É difícil explicar e ainda mais tentar compreender como se chega a este ponto.
Pode sempre invocar-se que a China está virada cegamente para a produção.
Pode invocar-se que o controlo estatal que o regime comunista chinês exerce sobre as populações as embrutece.
Pode invocar-se que a China sendo um país extremamente assimétrico e desigual no seu desenvolvimento cria, por habituação, uma apatia e indiferença ao abandono, à exclusão social e logo ao sofrimento individual.
Penso que o facto de esta brutalidade ter acontecido na China tem alguma relevância pelo que escrevi acima e apesar de ser tentador e fácil reduzir este acontecimento apenas a este país não creio que deva ser feito.
O problema certamente não será só chinês, será tendencialmente global e muito provavelmente semelhante nos seus motivos.
As nossas vidas neste momento estão particularmente formatadas.
Estamos tão virados para o pagamento de impostos, para estatísticas e percentagens, para o desemprego que aumenta, para os sacrifícios pessoais que estão sempre a serem pedidos, tão absorvidos na nossa sobrevivência física e social que sobra pouco tempo e espaço para o sofrimento alheio.

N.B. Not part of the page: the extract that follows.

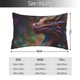 thumbnail image 2 of Fotbe Rainbow Scales Fantasy Dragon Funda de Almohada Decorativa Estilo Occidental, Lujo en Algodón, Fundas para Almohadas King, Cojín Estampado para Decoración del Hogar-16"x24", 2 of 6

O virar a cabeça para o lado e acelerar o passo é mais útil. Causa menos problemas do que o sentido da ajuda do próximo que agoniza aos nossos pés.
Porque se fazem menos perguntas, porque custa menos tempo e logo produz-se mais, porque não se enfrenta burocracias e logo produz-se mais, porque não se chega atrasado ao nosso destino que até pode ser o nosso emprego e logo produz-se mais, buscar um filho a um infantário que fecha demasiado cedo ou uma promoção de apenas um dia de um artigo qualquer num supermercado qualquer mas que tem que ser aproveitada e que faz falta em nossa casa.
Estamos todos muito fechados e concentrados em nós próprios, nas nossas tarefas e mais uma vez na nossa sobrevivência. Não vemos um palmo à frente dos nossos olhos. Estamos cegos e por necessidade tornamo-nos progressivamente e perigosamente mais egoístas e mecanizados.
Mas mesmo assim não consigo perceber como é que a indiferença, como é que a ausência de consciência, ética e valores morais podem atingir níveis tão monstruosamente altos como neste atropelamento que aconteceu em Foshuan, China.